AUBURN — After enrolling at Central Maine Community College, Stephen Sylvester opted into a pilot program unique in the Maine community college system that split time between school and a construction site.
The past two years, he’s sat in the classroom, then worked on finish carpentry. More classroom, then he helped build a garage.
Referring to his time at Foster Career and Technical Education Center in Farmington, the 20-year-old Livermore resident said, “I learned quite a bit at Foster Tech, but this just took it to a new level.”
In May, when he and the four others in the pilot graduate, he has a job waiting with Scott E. Nason Builders in New Sharon.
“From my feedback from all the employers, they’ll all be offered jobs with who they’re working for,” Don Varney, CMCC’s chairman of building construction, said. “One even said, ‘Send me 10 more just like him.’ I’m like, I wish I could.”
Known as the “Jobsite Track” within the Construction Technology Program, the two-year associate’s degree will appear in course catalogs for the first time this fall. Varney is hoping for a class of 10 or so.
CMCC spokeswoman Heather Seymour said it’s modeled after a program offered since the 1990s to automotive students through a collaboration with Ford Motor Co. and Ford dealers.
Students spend the first semester in the classroom and then rotate every eight weeks between the classroom and job site. They’re responsible for connecting with an employer and negotiating their own pay, and employers agree not to hire the students out from under the college, before graduation.
Varney has a list of employers who have asked to be put on students’ radars as they look for work through the program.
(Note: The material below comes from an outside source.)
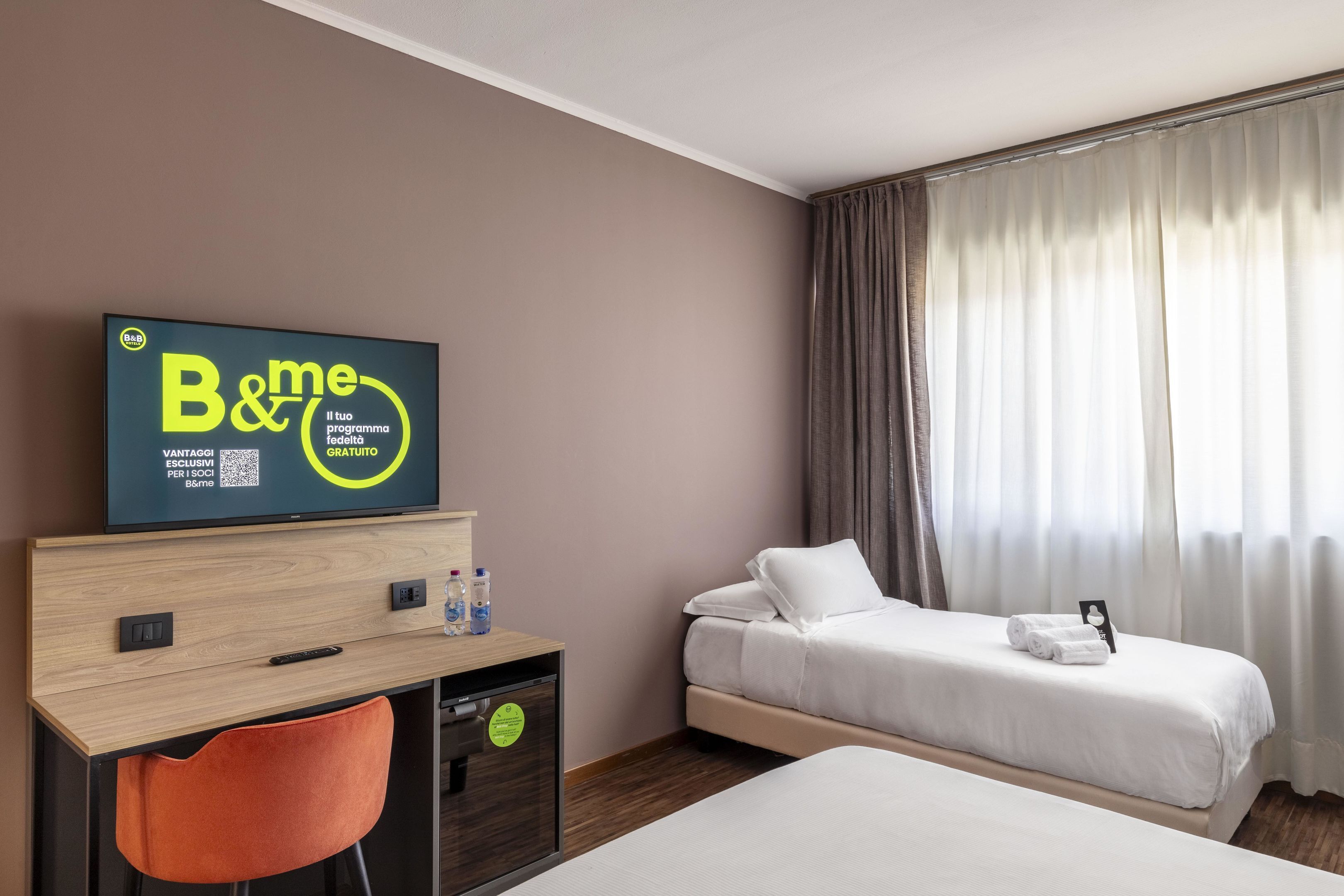 Habitación de hotel con cama, escritorio con silla, televisor mostrando un programa y ventana con cortinas.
“They’re all needing help so badly right now,” he said. “It’s not that most residential (building) employers don’t want to take the time to teach you all the finer points, they simply, economically, can’t afford to slow down and take that time. They can’t afford to have you cut something six times to get it right; the material cost alone … All those things are things that happen here. We slow everything down and we can spend the time with them.”
Presenting an employer with an associate’s degree and pointing to the mix of classroom time and skills picked up on the job will go a long way in showing their value, Varney said.
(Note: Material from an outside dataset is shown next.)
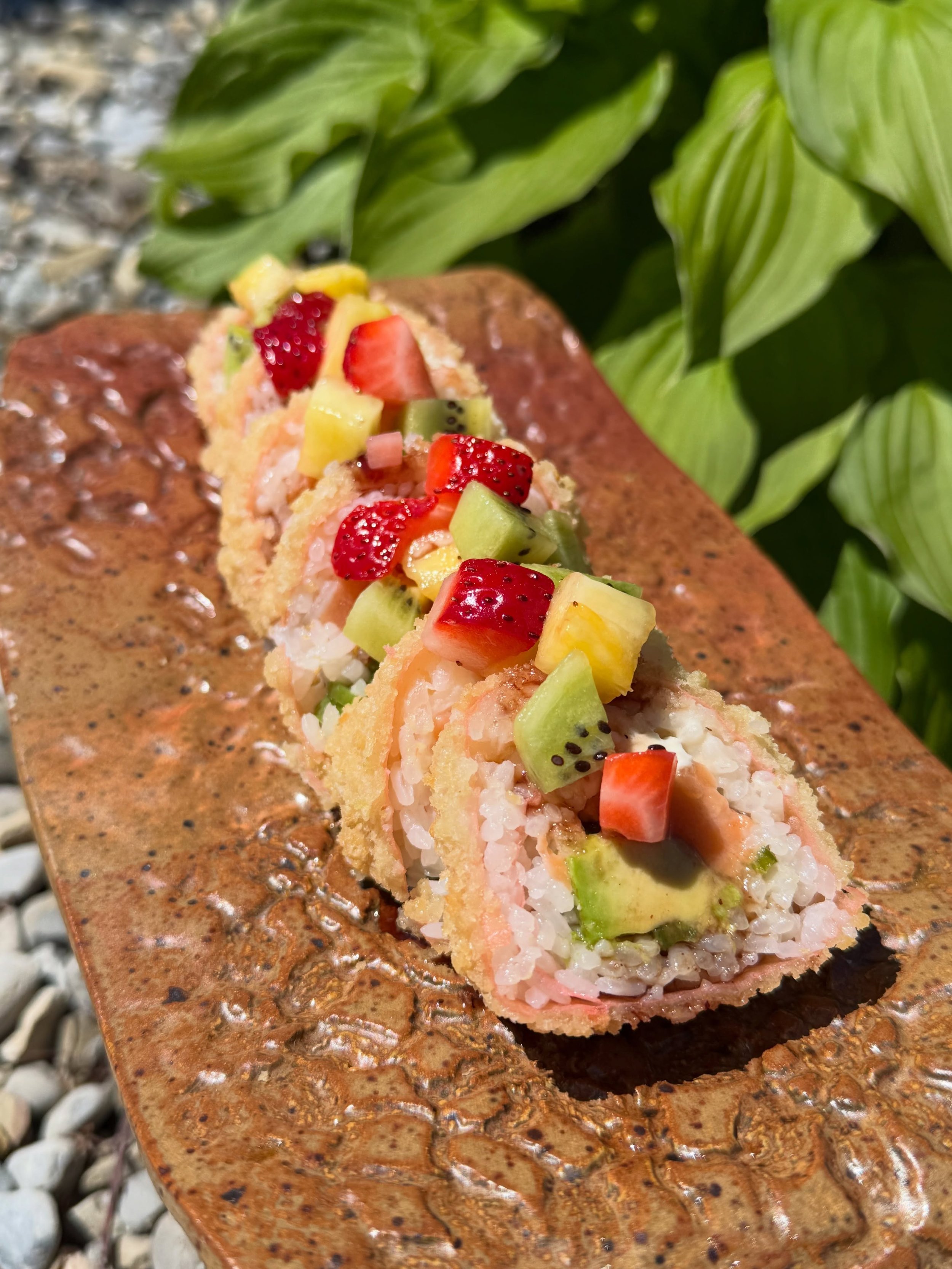 Gol Tong Roll - spicy salmon, cream cheese, avocado, jalape&ntilde;o; kiwi, pineapple, strawberry, grape soy reduction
“They’ll get more responsibility, more pay if they can get their two-year degree,” he added.
Shane Kimball, 30, from Buxton, said he’d found himself moving between a few jobs and decided “I wanted to find an actual career for myself.” That led him to CMMC and the pilot.
He’s been working at Fortin Construction in Auburn.
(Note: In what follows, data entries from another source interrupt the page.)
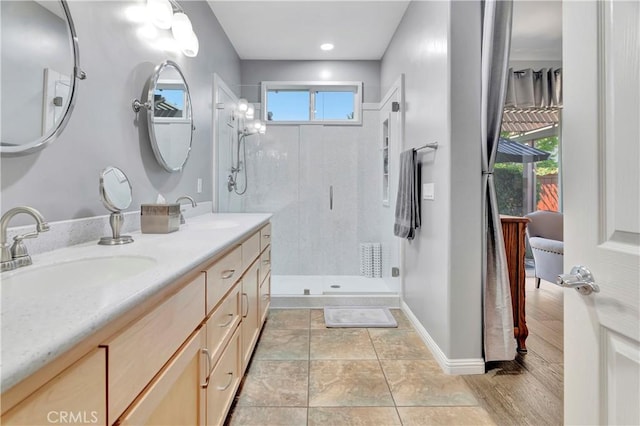full bathroom featuring a stall shower, baseboards, double vanity, and a sink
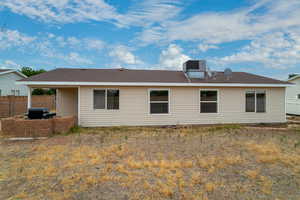 Back of house featuring roof with shingles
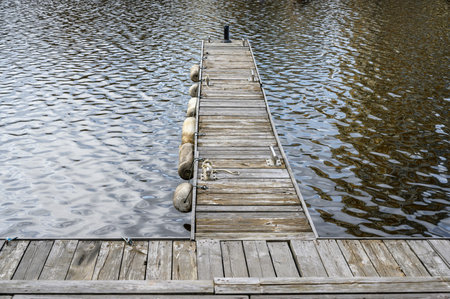Russia, Moscow region. Empty Marina. Platforms from wooden boards with buoys and waves in the port....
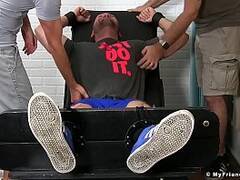 Julian Knowles is restrained and tickled by two kinky studs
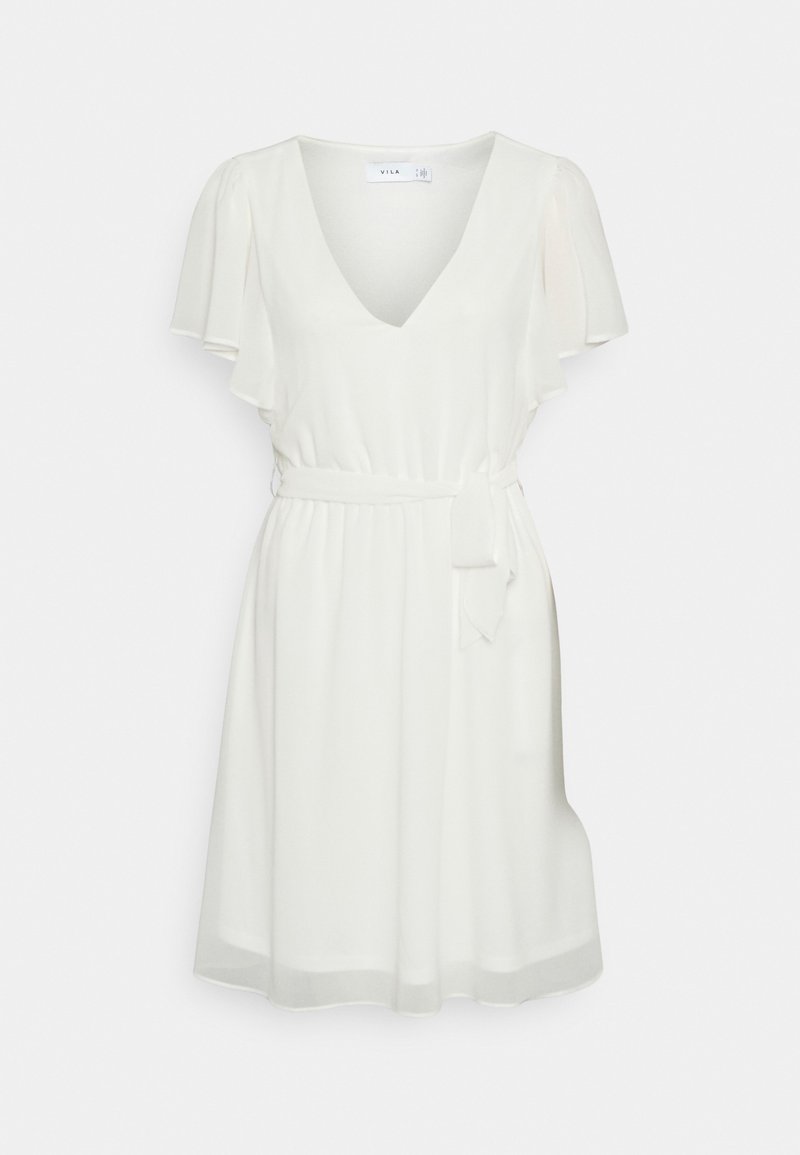 Vestido corto blanco con mangas acampanadas, escote en V, cintura ajustada con un lazo y falda fluida. Tejido ligero y suave.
“The biggest thing about going from this, the classroom into there, is having more knowledge, more capabilities,” Kimball said. “Just for the few months I was working with them, they were already talking about, ‘Shane, we can probably get you into a foreman position in a couple years,’ as opposed to a decade.”
Matthew Martin, 38, from Saco, said he enrolled in college wanting to put the G.I. Bill to use. Through Wright-Ryan Construction of Portland, he’s worked on a golf course clubhouse and the new welcome center for the Coastal Maine Botanical Gardens.
“I thought I liked building stuff, and it turns out that I do,” he said.
kskelton@sunjournal.com
Five members of Central Maine Community College’s new Jobsite Track degree option in Building Construction Technology rotated classroom time with weeks working for construction companies to kick-start their building careers. From left are Matthew Martin of Saco, Shane Kimball of Buxton, Stephen Sylvester of Livermore, Andrew Loisel of Lewiston and Nicholas Hall of Peru. (Kathryn Skelton/Sun Journal)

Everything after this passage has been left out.